A buffet that included a stuffed suckling pig and a cake in the shape of Belarus had been laid out in the polling station. Providing buffets is a Belarussian tradition to encourage citizens to vote.
Relations between Minsk and the West have warmed since recession-hit Belarus held a peaceful presidential election last October.
The release of political prisoners and Lukashenko's role in hosting Ukraine-Russia peace talks also eased international criticism of the veteran leader, who the United States once said ran Europe's last dictatorship.
The European Union ended five years of sanctions against Belarus in February, while the United States has relaxed some of its restrictions on Minsk and said the authorities' handling of Sunday's vote will factor into an upcoming sanctions review.
"For the Belarussian authorities, this election is more an issue of foreign than domestic policy," said Denis Melyantsov, senior analyst at the Belarusian Institute for Strategic Studies.

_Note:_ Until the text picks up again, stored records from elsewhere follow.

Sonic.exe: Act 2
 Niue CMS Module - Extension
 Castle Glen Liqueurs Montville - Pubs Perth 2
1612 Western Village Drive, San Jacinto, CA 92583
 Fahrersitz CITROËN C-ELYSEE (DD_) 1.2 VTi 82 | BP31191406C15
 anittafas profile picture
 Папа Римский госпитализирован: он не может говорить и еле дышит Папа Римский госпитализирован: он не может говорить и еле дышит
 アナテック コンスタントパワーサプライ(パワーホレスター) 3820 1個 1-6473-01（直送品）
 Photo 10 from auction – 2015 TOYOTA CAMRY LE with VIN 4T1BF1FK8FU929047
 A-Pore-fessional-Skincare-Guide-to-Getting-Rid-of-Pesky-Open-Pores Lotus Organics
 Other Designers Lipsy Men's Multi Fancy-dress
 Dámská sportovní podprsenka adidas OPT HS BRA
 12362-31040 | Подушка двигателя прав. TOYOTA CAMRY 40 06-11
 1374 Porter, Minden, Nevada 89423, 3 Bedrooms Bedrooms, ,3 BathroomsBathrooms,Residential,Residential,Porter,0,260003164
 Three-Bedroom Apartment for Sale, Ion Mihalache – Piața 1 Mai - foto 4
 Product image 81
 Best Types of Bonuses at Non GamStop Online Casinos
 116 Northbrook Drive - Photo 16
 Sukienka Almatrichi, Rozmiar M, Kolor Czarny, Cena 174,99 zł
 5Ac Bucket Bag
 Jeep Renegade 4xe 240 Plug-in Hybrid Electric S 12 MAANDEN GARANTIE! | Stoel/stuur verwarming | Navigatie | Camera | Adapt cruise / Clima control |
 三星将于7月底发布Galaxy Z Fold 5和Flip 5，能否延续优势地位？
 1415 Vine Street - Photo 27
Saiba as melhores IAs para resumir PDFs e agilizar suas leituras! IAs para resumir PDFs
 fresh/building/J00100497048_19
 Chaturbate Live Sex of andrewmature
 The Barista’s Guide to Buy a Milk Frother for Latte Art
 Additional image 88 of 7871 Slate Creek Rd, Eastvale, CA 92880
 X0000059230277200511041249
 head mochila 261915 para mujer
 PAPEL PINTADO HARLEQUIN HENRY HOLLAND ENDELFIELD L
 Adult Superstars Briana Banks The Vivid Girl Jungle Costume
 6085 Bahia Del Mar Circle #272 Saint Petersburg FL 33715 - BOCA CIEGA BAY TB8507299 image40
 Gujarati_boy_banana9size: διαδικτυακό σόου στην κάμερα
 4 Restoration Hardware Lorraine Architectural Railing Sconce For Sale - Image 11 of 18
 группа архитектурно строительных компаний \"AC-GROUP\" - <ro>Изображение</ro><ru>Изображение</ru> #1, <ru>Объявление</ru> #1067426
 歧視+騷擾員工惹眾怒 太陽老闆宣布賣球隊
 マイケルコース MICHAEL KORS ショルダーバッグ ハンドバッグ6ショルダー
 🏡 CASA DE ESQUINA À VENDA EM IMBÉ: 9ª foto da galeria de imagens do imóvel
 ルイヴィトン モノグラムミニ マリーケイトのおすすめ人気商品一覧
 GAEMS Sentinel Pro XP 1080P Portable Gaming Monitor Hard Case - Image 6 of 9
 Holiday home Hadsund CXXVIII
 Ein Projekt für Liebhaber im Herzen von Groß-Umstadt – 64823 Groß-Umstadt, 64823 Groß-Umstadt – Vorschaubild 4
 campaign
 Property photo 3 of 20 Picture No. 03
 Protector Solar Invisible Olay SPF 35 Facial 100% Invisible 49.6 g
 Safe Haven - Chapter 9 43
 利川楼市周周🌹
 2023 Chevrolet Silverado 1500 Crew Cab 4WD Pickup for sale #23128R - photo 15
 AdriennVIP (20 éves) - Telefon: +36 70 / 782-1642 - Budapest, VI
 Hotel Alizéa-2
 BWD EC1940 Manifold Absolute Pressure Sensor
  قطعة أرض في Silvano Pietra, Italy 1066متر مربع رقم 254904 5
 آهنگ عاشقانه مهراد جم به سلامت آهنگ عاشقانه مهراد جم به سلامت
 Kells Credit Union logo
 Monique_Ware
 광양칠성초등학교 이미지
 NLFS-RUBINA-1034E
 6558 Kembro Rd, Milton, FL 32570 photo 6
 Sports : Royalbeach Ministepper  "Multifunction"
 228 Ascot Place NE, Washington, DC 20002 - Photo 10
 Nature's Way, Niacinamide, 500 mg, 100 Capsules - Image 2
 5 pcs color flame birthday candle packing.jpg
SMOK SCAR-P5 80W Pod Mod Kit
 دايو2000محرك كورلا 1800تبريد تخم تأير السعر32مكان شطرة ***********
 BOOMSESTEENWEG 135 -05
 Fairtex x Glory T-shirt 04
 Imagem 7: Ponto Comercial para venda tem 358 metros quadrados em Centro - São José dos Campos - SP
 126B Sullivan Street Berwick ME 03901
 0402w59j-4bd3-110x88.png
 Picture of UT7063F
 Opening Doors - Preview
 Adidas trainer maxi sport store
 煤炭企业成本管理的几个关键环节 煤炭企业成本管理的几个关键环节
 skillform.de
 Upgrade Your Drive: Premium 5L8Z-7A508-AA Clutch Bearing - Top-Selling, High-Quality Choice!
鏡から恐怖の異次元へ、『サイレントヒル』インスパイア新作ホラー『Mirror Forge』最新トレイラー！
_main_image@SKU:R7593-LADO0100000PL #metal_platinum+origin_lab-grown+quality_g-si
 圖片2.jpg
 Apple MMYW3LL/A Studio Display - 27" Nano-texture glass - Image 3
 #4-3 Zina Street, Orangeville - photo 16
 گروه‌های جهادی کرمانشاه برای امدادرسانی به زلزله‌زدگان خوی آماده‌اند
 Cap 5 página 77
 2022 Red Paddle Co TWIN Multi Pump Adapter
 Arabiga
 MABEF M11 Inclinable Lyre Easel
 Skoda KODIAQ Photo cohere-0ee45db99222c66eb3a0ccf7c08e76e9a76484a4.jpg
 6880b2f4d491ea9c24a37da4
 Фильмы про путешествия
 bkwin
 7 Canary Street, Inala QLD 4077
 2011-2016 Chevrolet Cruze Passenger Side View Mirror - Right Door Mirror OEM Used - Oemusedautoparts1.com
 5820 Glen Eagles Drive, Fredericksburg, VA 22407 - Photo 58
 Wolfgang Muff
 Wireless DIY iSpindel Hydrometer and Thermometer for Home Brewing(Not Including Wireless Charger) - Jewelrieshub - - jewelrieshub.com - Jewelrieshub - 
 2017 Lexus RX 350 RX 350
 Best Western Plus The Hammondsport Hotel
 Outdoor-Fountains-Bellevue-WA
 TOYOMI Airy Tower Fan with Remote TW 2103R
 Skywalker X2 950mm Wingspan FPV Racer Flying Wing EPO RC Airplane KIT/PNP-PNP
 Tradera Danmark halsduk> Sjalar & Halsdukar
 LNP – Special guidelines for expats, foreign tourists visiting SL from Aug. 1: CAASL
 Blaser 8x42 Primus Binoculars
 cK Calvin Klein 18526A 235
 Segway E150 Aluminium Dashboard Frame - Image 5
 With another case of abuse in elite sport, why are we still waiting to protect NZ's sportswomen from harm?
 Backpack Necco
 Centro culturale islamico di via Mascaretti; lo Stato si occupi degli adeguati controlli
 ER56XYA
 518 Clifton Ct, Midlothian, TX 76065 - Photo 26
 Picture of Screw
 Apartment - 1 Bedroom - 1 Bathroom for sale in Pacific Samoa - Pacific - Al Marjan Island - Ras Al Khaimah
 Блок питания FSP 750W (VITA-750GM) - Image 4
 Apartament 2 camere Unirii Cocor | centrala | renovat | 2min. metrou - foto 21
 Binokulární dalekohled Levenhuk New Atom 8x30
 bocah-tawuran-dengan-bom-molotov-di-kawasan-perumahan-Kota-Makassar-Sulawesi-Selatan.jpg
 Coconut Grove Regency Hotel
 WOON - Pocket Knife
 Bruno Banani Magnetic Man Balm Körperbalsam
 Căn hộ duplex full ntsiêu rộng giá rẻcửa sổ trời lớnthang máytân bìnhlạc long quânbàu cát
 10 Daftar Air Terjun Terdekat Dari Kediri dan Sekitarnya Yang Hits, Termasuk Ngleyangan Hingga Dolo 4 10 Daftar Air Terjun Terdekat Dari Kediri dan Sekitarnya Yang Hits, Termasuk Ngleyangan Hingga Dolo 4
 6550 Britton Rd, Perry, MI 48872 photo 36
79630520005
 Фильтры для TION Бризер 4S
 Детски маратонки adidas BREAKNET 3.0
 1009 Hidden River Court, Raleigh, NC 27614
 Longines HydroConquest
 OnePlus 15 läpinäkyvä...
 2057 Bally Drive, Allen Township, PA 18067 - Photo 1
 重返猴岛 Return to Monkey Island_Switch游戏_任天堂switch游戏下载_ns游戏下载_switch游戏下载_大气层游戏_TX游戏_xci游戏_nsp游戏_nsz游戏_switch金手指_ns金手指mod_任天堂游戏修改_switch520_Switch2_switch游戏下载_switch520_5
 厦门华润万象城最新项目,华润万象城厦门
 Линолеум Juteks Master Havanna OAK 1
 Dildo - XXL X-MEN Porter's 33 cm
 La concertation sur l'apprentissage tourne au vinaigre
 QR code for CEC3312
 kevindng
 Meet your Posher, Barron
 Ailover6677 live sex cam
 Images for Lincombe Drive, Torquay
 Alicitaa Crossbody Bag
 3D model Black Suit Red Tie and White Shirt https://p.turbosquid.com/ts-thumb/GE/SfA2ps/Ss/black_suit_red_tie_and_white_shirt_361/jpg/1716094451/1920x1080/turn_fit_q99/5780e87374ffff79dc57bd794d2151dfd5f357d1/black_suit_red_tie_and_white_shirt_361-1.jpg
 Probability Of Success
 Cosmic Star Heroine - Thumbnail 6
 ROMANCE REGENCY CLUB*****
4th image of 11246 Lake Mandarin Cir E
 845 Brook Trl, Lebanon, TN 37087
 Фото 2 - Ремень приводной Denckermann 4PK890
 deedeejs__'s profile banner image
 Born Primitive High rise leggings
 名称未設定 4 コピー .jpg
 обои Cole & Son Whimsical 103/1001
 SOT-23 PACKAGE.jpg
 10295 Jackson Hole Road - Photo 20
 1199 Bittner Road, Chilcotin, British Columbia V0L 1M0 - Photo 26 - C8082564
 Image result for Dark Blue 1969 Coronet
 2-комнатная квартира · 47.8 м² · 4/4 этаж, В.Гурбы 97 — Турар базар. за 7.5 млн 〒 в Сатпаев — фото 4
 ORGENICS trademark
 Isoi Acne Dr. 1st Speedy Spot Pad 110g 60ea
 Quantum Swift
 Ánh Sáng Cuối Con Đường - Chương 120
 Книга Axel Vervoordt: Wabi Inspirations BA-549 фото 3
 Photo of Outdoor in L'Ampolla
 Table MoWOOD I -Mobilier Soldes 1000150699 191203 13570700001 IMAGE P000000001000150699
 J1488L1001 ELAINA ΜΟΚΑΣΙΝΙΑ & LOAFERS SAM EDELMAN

"I think we'll get an absolutely sterile parliament, made up of carefully selected lawmakers," he added.
The predictability of the election's result means not all citizens felt it was worth participating. "I would have gone and voted if I felt my vote made a difference," said 37-year-old businesswoman Irina, declining to give her last name.
Lukashenko, who has been in power since 1994, has kept the country in a close strategic alliance with Moscow. However, some cracks appeared in the relationship following Russia's annexation of Crimea from Ukraine in 2014 and since then Minsk has made overtures to the West.
An economic crisis in Russia linked to falling energy prices and sanctions has hit former Soviet countries including Belarus, where the economy shrank 3.9 percent in 2015.
Opposition groups are not planning a mass boycott or protests like those held over previous elections. Instead they have decided to take part in the hope of boosting their support.
"The voice can be stolen, but the support we receive cannot be taken away," the head of opposition group Tell the Truth, Andrei Dmitriev, told Reuters.
The West has pushed for democratic change in Belarus but has been shifting its approach to engage rather than isolate, as well as to counter what it sees as a newly aggressive Russia.
The Organization for Security and Cooperation in Europe, which is monitoring Sunday's vote, will present a report on its findings on Monday.
"A lot has been done in terms of carrying out OSCE recommendations. The election has been competitive and open," Foreign Minister Vladimir Makei told Reuters.
The easing of Western sanctions is necessary for Belarus's plans to improve commercial ties with the EU and lessen its dependence on the crisis-hit Russian market, which currently accounts for 40 percent of Belarussian exports.
Seeking loans from international lenders, including $3 billion from the International Monetary Fund, Belarus has implemented cautious economic reforms such as raising the retirement age and relaxing foreign currency rules.